| name | cxas-protocol-robust-extraction |
| description | A robust methodology for LLM-based requirements gathering and high-fidelity artifact generation. Employs 'Divide, Conquer, and Verify' tactics using specialized subagents, iterative exhaustion loops, and batched execution to ensure zero data loss. |
Robust Extraction Protocol
This protocol defines the standard operating procedure for extracting exhaustive
requirements (like subintents, CUJs, or logic rules) from large, complex, or
fragmented customer artifacts.
It prevents the common LLM pitfalls of "context drift" and "truncation" by
enforcing a strict "Divide, Conquer, and Verify" methodology.
General Principles & Anti-Hallucination Guardrails
To ensure 100% coverage and prevent data loss due to tool limits or implicit
filtering, follow these principles across all phases:
- Quantify the Scope: Before spawning any subagents or starting
extraction, determine the exact total count of target items (files,
directories, database rows). Record this number as your "Success Target."
You must verify that the sum of items processed equals this target before
proceeding to consolidation.
- Coverage over Curation: Default to 100% extraction coverage. Never
assume the user only wants the "top" or "most interesting" items unless
explicitly instructed to apply a quality filter. A standard or repetitive
item is still data that must be reported.
- Circumvent Tool Caps: Be aware that search and listing tools often have
display limits (e.g., capped at 50 or 1000 results). If the expected scale
(from the Quantify step) exceeds the tool's limit, you must partition the
work (e.g., by alphabet or ID range) to ensure no items are hidden by the
tool's cap.
- Maintain Traceability: For every extracted requirement or item, record
the source file or location it was extracted from. This allows for easy
verification and provides context when reviewing the consolidated results.
Core Directives
When tasked with comprehensive extraction or generation from a large corpus, you
MUST follow this four-phase methodology:
Phase 1: Parallel Expert Discovery
Never use a single generalist agent or a single prompt to read all files.
- Categorize the input artifacts (e.g., Code/ADK, Diagrams, Test Cases).
- Spawn specialized expert subagents (e.g.,
cxas-ingestor-adk) in
parallel, providing each with only the context relevant to their expertise.
- Consolidate their initial findings into a centralized list.

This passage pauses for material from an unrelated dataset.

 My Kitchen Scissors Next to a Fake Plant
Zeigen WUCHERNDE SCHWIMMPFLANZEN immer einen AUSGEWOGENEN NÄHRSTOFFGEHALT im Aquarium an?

Phase 2: The Iterative Exhaustion Loop
LLMs often miss items in a single pass of a large document. You must force them
to iterate.
- Provide the current consolidated list of findings back to the expert
subagents.
- Ask a direct question: "Based on your artifacts, are there ANY MORE items
missing from this list? If yes, list them. If no, reply EXACTLY 'NO'."

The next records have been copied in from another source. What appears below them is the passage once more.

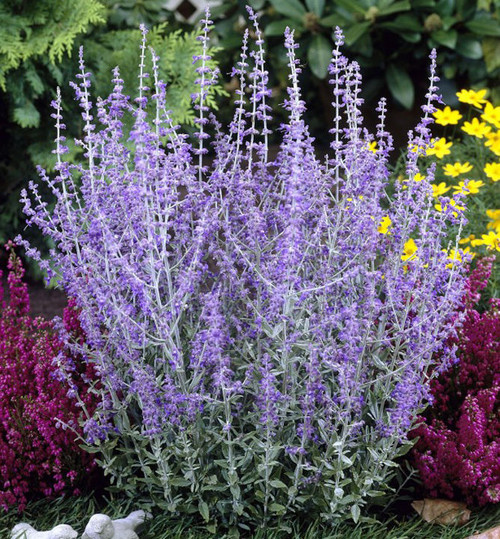 Perovskia 'Blue Spire' / Russian Sage In 9cm Pot, Violet-Blue Flowers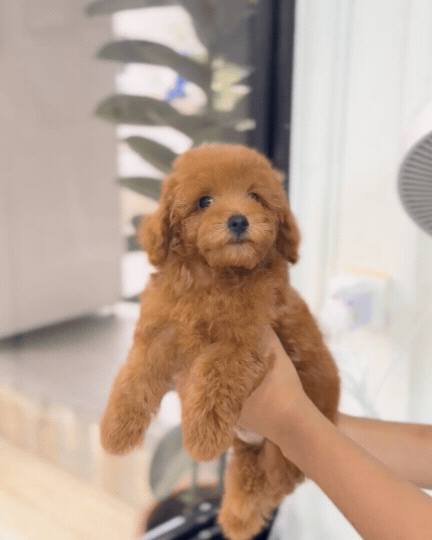 🐻🤎 Didi: Red Tiny Toy Poodle 🇸🇬 (Boy)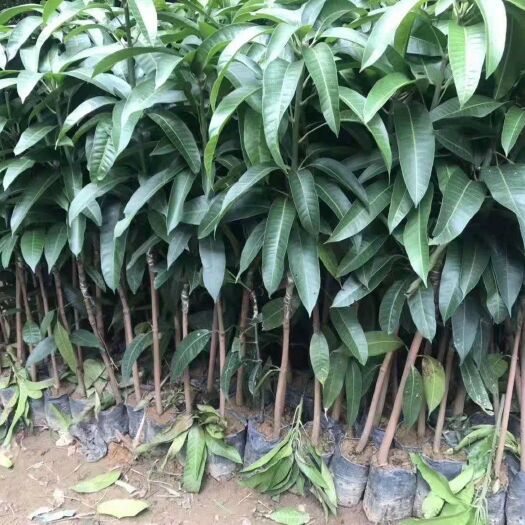 景洪市芒果直生苗（实生苗） 货品 很好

- The Loop Rule: You MUST continue this loop, updating the consolidated
list each time, until ALL expert subagents unanimously reply with "NO".
Phase 3: Logical Clustering
Once the exhaustive list is finalized (e.g., 100+ subintents), organize it.
- Group the granular findings into high-level logical categories (Parent
CUJs).
- Verify with the experts that the parent categories encompass all findings.
Phase 4: Batched Execution & Verification
Never ask an LLM to generate 100+ complex artifacts (like conversational
transcripts) in a single prompt. It will hallucinate or truncate.
- Batching: Divide the exhaustive list into small, manageable batches
(e.g., 10 batches of 10 items). Write these batches to temporary files.
- Delegated Execution: Spawn a new subagent for each batch. Instruct
them to process only their assigned batch and write the output to a
specific file.
- The Verification Gate: As the orchestrator, you MUST verify the output
of each subagent. Did they generate an output for every single item in
their batch?
- If YES: Accept the batch.
- If NO: Discard the output and respawn the subagent for that specific
batch with stronger steering instructions.
- Consolidation: Only when all batches pass the Verification Gate, merge
them into the final, exhaustive deliverable.